LOS ANGELES (AP) ? A California jury has heard opening statements from attorneys in a lawsuit over whether a now-withdrawn hip replacement device from a medical giant Johnson & Johnson subsidiary was defective.
The lawyer for a man who had his hip device removed after metal allegedly flaked off into his body on Friday showed jurors pictures of the surgery with black material in the hip socket.
The product liability lawsuit in Los Angeles Superior Court claims Johnson & Johnson knowingly marketed a faulty hip implant that left thousands of people with crippling problems or needing replacement surgeries.
A lawyer for the maker of the device said patient Loren Kransky had many pre-existing medical ailments which caused his problems.
IS A BREAKING NEWS UPDATE. Check back soon for further information. AP's earlier story is below.
Opening statements were scheduled Friday in a lawsuit that claims medical giant Johnson & Johnson knowingly marketed a faulty hip implant that left thousands of people with crippling problems or needing replacement surgeries.
The fraud and negligence suit, filed in Los Angeles County Superior Court, is the first of thousands of similar suits to reach trial in the United States that involve an all-metal ball-and-socket hip joint that was pulled from the market two years ago.
Loren Kransky, a former North Dakota prison guard, claims he suffered metal poisoning and other health problems after receiving the hip joint, known as the articular surface replacement, or ASR, in 2007.

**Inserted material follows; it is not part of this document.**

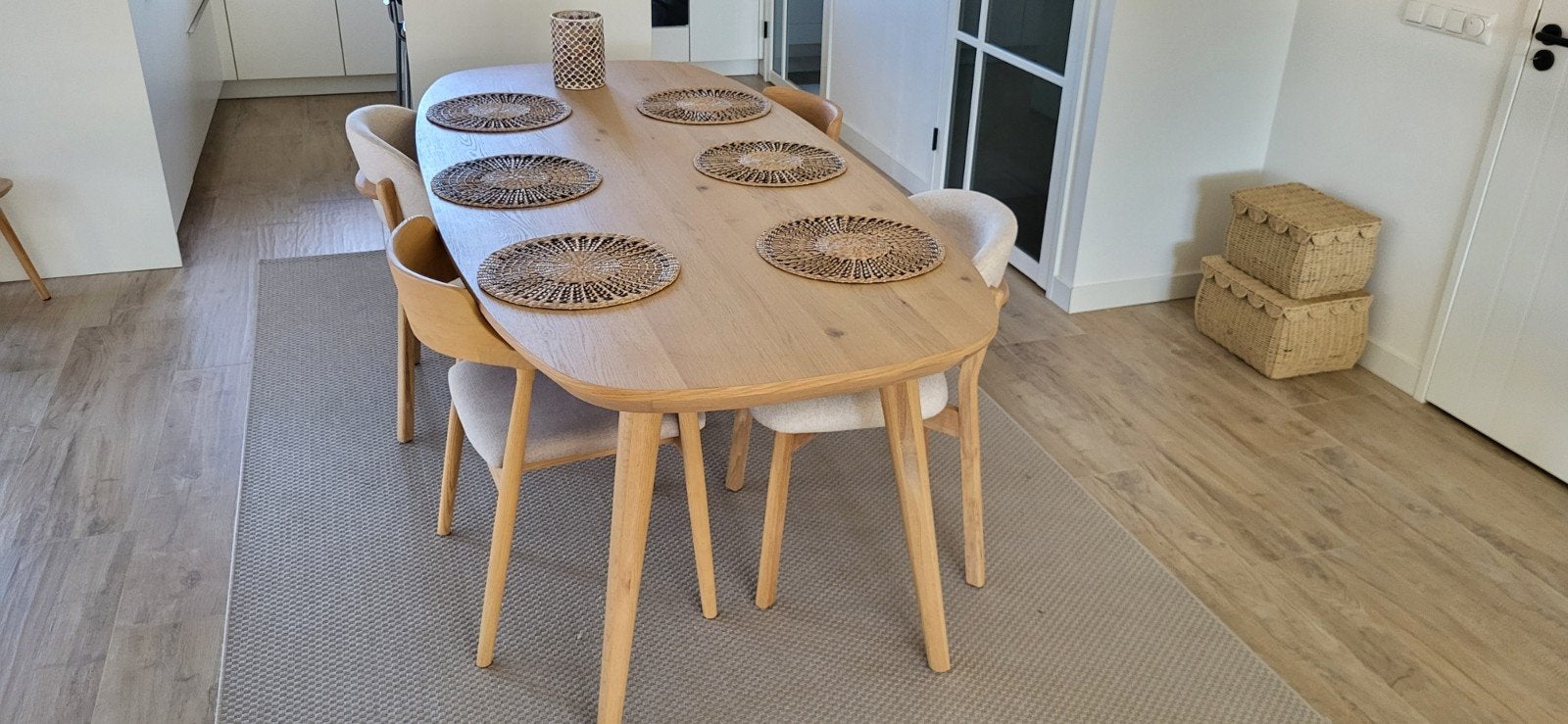 Deense ovale eettafel 2.20m eikenhout facetrand, Huis en Inrichting, Tafels | Eettafels, Ophalen, 100 tot 150 cm, Eikenhout, 200 cm of meer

He since has had it replaced.
Attorneys for the company argue that Kransky, 64, had a number of previous medical problems, that he knew the risks of hip replacement surgery and that there is no evidence that the ASR had a fault design.
The artificial hip socket was made by Johnson & Johnson's subsidiary, DePuy Orthopaedics Inc. It was sold for eight years to some 35,000 people in the U.S. and more than 90,000 people worldwide. The company stopped making the product in 2009 and recalled it the next year.
However, documents unsealed in the court case last week indicated that Johnson & Johnson officials were aware of problems with the device at least as far back as 2008.
Also, according to a deposition from a DePuy official, a 2011 company review of a patient registry concluded that more than a third of the implants were expected to fail within five years of their implantation.
New Brunswick, N.J.-based Johnson & Johnson has put aside around $1 billion to deal with the costs of the recall and lawsuits.
Last year, British experts at the world's biggest artificial joint registry said doctors should stop using metal-on-metal hip replacements after a study found that, after five years, about 6 percent of people who had used them needed surgery to fix or replace them.
That compares with just 1.7 to 2.3 percent of people who had ceramic or plastic joints.
Johnson & Johnson has issued about 30 recalls of Tylenol and other products since September 2009. Reasons range from nauseating packaging smells to tiny glass and metal shards in liquid medicines.
On Tuesday, Johnson & Johnson reported higher fourth-quarter profits and forecast a 2013 profit of $5.35 to $5.45 per share. That was below the average analyst estimate of $5.49.